Until a few years ago, the processor hardware community translated Moore's Law of transistor density directly into single-threaded performance gains as a result of increasing clock frequencies. Lately, this translation has been hampered by the effects of clock frequency on power consumption and heat generation. The new reality is that per-thread performance is essentially static, and an increase in performance is delivered by an increase in the number of available processor cores per socket. This greatly simplifies a processor developer's job in two ways: First, it avoids radically increasing per-socket power consumption; and second, it holds the complexity of a single core somewhat static over time. Thus, processor design remains a tractable discipline.

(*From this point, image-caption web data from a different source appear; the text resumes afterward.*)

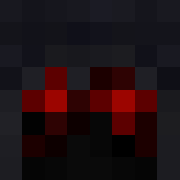 Itz_Reaper_MC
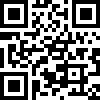 https://khabaronline.ir/x3pZN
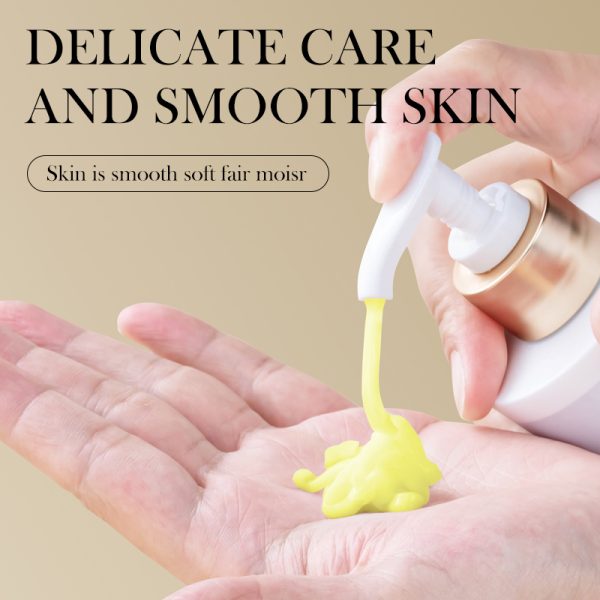 dr-wwp-500ml-body-lotion-dimensions-wholesale-pack.jpg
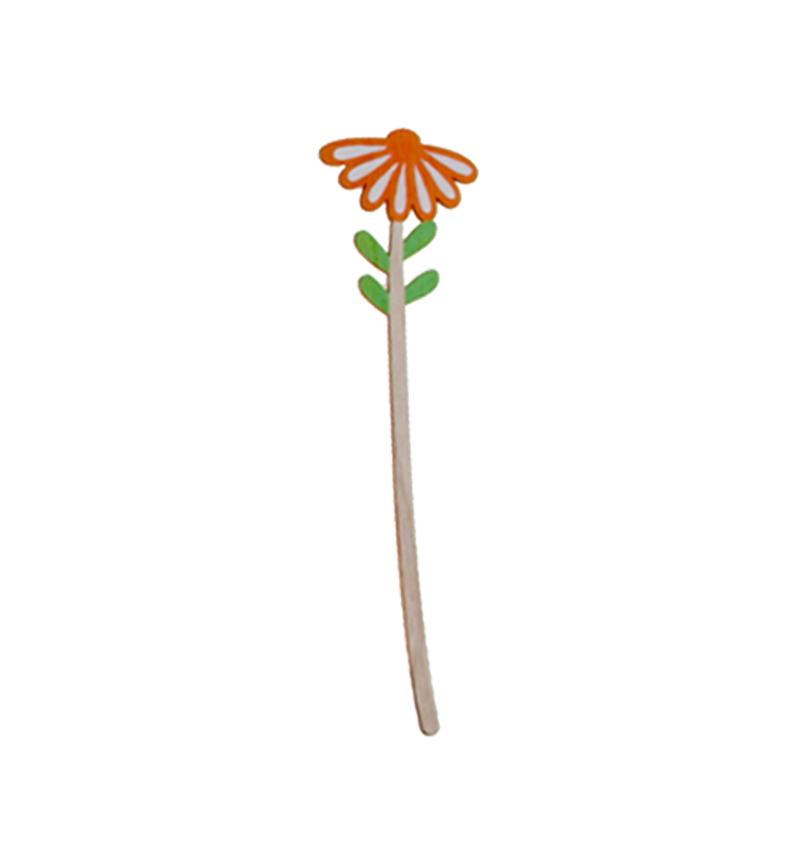 HY-E48695 Flower vase plug-in10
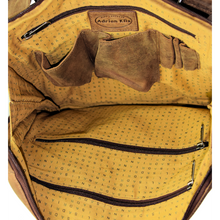 Load image into Gallery viewer, Messenger Bag Style # 2593
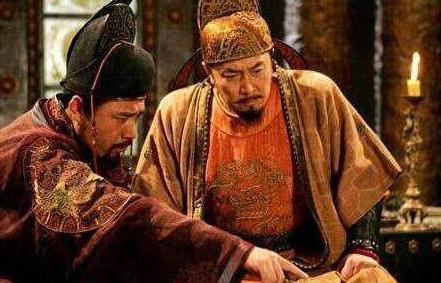 都说忠臣不事二主，为什么魏征改换门庭还能得到唐太宗的重用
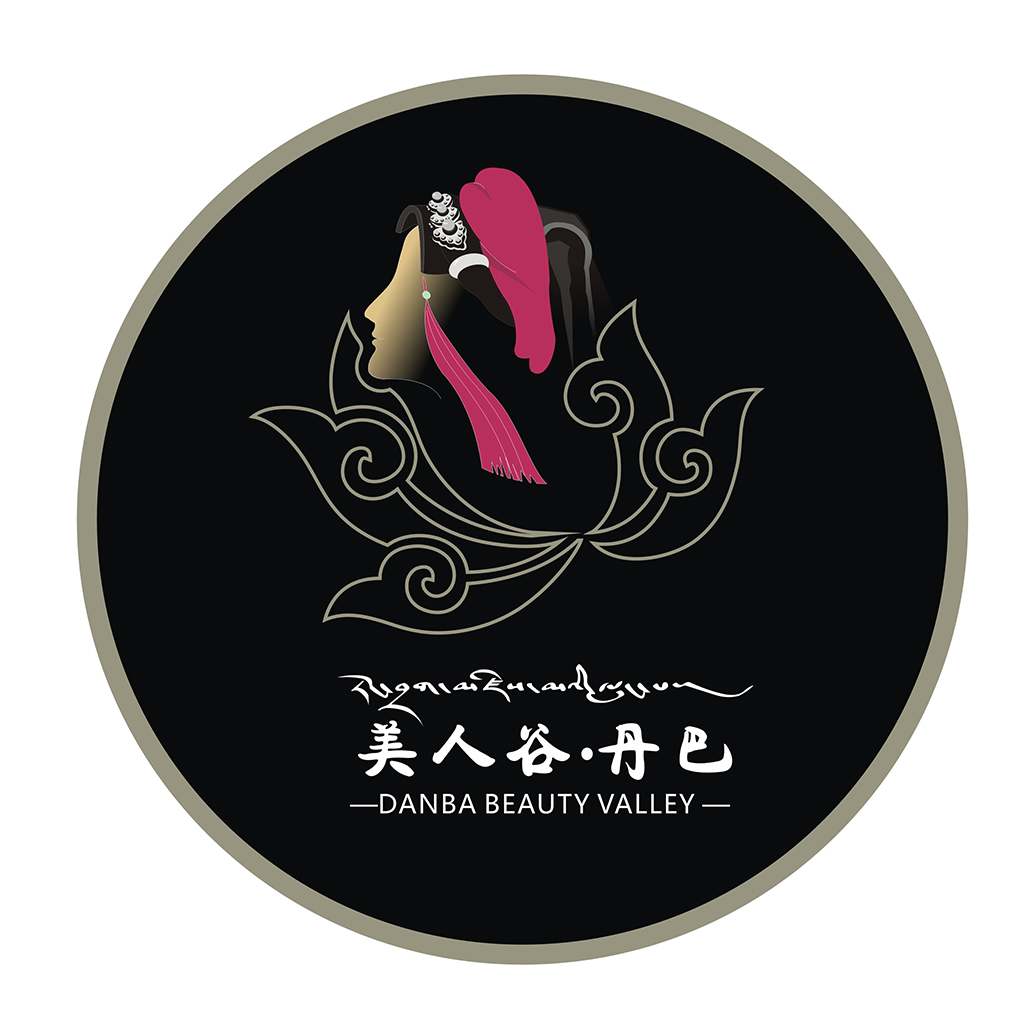 云上丹巴免费ios版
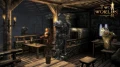 two-worlds-ii-pc-pl-digital-4.jpg_3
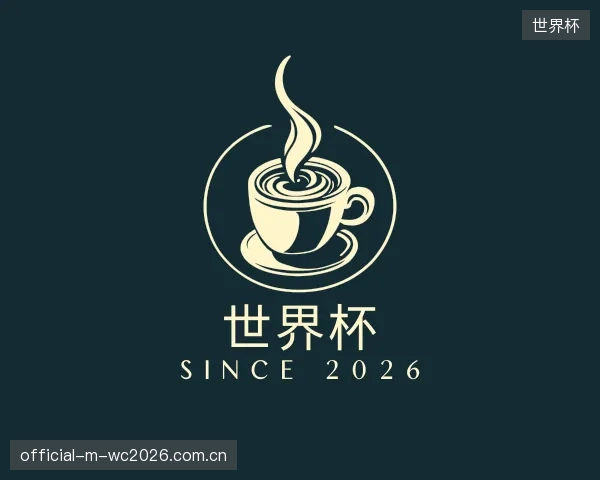 知道世界杯团队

However, nothing in life comes for free. Just as RISC stood for "Relegate the Important Stuff to the Compiler," increasing the number of threads per socket places an enormous stress -- to parallelize applications and reap the performance increases -- on almost the entire computing industry. Those affected include the system manufacturers, the compiler writers (who are used to being the punching bags), the operating system designers, the application writers, and finally (and inevitably) the users. The single-threaded application typically does not benefit from multicore hardware, it may actually suffer degraded performance; and the great majority of applications on the market today are single-threaded in design. In general, clock frequency increases allowed developers to avoid the inevitable transition to multiprocessor environments (and thus the parallelization of their applications), but this free ride is now over.

In addition to the difficulties of parallelizing an application, there is a limit to the performance gain that a parallelized version of an application can achieve. This is defined by a variant of "Amdahl's Law" (which fundamentally states that an application cannot run faster than the aggregate of its sequential components). An analysis of the application may indicate that parallelization at the code level will not yield the sought-after performance gains, and that some other approach (for instance, running multiple copies of a program to increase throughput) will be more effective. Furthermore, on the hardware front, increasing core counts will result in pressure on communication bandwidth capacities, particularly for memory accesses. Maintaining the traditional clocked bus architectures will result in a need for increased bus clock frequencies, again pushing on the very power dissipation issues that resulted in the move to multicore architectures in the first place. Increasing the width of the involved busses may provide some temporary relief, but that approach can only be viewed as a patch.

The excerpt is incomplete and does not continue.